Maka, Ambo sebetulnya geli sendiri melihat tingkah laku sulungnya yang seperti sosok ninja mengantarkan sarapan atau rantang makan siang di sawah. Si sulung meletakkan begitu saja rantang di sou dan kabur. Ulahnya dengan presisi digambarkan pepatah: datang tanpa muka, pulang tanpa punggung.
Oleh karena itu, Ambo menahan diri untuk menilai seorang remaja yang tak mau turun mengotori tangan dan kakinya dengan tanah. Sebab, si remaja sedang mencari dan memburu impian dan bayangan cita hingga pada batas tenaga yang dipunyainya.
Yang ia lakukan adalah bekerja saja. Jika memang bisa dilakukan sendiri, ia akan melakukannya sebaik-baiknya. Keterampilan dan minat bersawah di satu sisi bisa diwariskan, namun lebih banyak pada panggilan jiwa. Jika jiwa tak terketuk, membebani keturunan untuk melakukan hal yang sama adalah kerja sia-sia.

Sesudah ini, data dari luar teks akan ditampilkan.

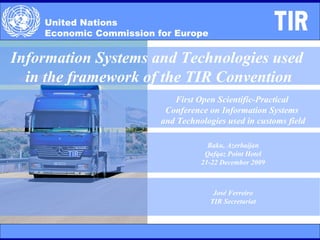 United Nations  Economic Commission for Europe Information Systems and Technologies used  in the framework of the TIR Convention First Open Scientific-Practical  Conference on Information Systems  and Technologies used in customs field Baku, Azerbaijan Qafqaz Point Hotel 21-22 December 2009 José Ferreiro TIR Secretariat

Atas nama pengalaman, Ambo sudah membuktikannya. Karakternya ditempa ketika ia memilih menjadi petani dengan segala risikonya. Faktor pendidikan dan pengalaman hidup yang bergelombang-gelombang menempa karakternya untuk berbagi.
Sebagai buruh tani, Ambo tak pelit untuk berbagi. Beras ketan putih (pulut) adalah perjumpaan untuk berbagi di penggilingan. Ia dan sang istri ringan saja saat ada kenalan dalam kampung meminta seliter beras ketan yang baru saja keluar dari mulut penggilingan. Sebagaimana watak ketan, persaudaraan dan harmoni sosial diikatnya atas nama beras.

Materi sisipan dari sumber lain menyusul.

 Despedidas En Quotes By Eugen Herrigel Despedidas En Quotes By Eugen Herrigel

Bukan hanya Ambo berbagi dengan keluarga Mangge Yani 2:1 (dua karung penggarap, sekarung pemilik lahan), Ambo juga mesti berbagi dengan yang lain lewat ketan. Sebab, di setiap petak sawah ada hak yang lain-lain yang mesti dikeluarkan. Beras yang lahir dari kerja tani di sawah, pada akhirnya bukan hanya menghidupi setiap keluarga yang hidup, namun saat berjumpa dengan keyakinan agama Ambo, beras adalah media pembersihan harta.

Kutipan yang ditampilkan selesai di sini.